**Material provided**
+ + + +

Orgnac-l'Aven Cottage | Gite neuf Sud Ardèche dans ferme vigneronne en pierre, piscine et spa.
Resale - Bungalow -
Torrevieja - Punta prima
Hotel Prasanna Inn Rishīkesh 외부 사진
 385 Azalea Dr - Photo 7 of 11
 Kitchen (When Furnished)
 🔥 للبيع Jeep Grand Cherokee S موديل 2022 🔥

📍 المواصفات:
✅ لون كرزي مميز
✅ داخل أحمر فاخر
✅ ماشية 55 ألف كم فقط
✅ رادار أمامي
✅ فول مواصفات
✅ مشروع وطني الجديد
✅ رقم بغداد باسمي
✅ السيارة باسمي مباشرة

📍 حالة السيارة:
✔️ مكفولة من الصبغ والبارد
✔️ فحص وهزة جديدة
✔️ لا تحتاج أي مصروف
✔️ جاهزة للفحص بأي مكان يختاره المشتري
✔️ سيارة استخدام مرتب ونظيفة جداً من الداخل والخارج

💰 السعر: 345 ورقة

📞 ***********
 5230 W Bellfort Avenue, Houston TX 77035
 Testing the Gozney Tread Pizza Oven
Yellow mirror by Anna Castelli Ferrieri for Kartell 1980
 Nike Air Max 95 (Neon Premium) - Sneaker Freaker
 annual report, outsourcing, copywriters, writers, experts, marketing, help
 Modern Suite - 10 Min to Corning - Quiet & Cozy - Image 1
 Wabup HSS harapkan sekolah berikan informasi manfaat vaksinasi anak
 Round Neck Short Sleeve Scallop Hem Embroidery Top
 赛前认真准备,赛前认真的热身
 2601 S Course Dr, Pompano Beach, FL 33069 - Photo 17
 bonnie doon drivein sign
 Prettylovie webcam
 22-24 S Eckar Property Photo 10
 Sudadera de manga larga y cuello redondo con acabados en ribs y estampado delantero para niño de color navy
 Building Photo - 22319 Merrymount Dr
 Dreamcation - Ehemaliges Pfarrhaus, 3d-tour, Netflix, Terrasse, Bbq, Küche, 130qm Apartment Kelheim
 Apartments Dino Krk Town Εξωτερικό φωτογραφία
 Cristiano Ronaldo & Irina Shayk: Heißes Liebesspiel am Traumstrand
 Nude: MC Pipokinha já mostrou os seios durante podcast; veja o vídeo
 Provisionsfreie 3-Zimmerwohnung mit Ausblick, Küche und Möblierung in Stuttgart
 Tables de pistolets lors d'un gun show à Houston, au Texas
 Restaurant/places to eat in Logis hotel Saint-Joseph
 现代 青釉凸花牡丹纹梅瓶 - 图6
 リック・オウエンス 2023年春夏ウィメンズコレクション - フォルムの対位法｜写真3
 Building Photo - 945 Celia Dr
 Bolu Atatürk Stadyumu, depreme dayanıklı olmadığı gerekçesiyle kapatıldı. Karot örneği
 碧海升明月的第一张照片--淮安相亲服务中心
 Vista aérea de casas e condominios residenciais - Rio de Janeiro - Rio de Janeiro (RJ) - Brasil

+ + + +

**Your instructions**
Each line from the start of the listing through the line with "22-24 S Eckar Property Photo 10" is to be restated verbatim, both ends included.

**Written response**
Orgnac-l'Aven Cottage | Gite neuf Sud Ardèche dans ferme vigneronne en pierre, piscine et spa.
Resale - Bungalow -
Torrevieja - Punta prima
Hotel Prasanna Inn Rishīkesh 외부 사진
 385 Azalea Dr - Photo 7 of 11
 Kitchen (When Furnished)
 🔥 للبيع Jeep Grand Cherokee S موديل 2022 🔥

📍 المواصفات:
✅ لون كرزي مميز
✅ داخل أحمر فاخر
✅ ماشية 55 ألف كم فقط
✅ رادار أمامي
✅ فول مواصفات
✅ مشروع وطني الجديد
✅ رقم بغداد باسمي
✅ السيارة باسمي مباشرة

📍 حالة السيارة:
✔️ مكفولة من الصبغ والبارد
✔️ فحص وهزة جديدة
✔️ لا تحتاج أي مصروف
✔️ جاهزة للفحص بأي مكان يختاره المشتري
✔️ سيارة استخدام مرتب ونظيفة جداً من الداخل والخارج

💰 السعر: 345 ورقة

📞 ***********
 5230 W Bellfort Avenue, Houston TX 77035
 Testing the Gozney Tread Pizza Oven
Yellow mirror by Anna Castelli Ferrieri for Kartell 1980
 Nike Air Max 95 (Neon Premium) - Sneaker Freaker
 annual report, outsourcing, copywriters, writers, experts, marketing, help
 Modern Suite - 10 Min to Corning - Quiet & Cozy - Image 1
 Wabup HSS harapkan sekolah berikan informasi manfaat vaksinasi anak
 Round Neck Short Sleeve Scallop Hem Embroidery Top
 赛前认真准备,赛前认真的热身
 2601 S Course Dr, Pompano Beach, FL 33069 - Photo 17
 bonnie doon drivein sign
 Prettylovie webcam
 22-24 S Eckar Property Photo 10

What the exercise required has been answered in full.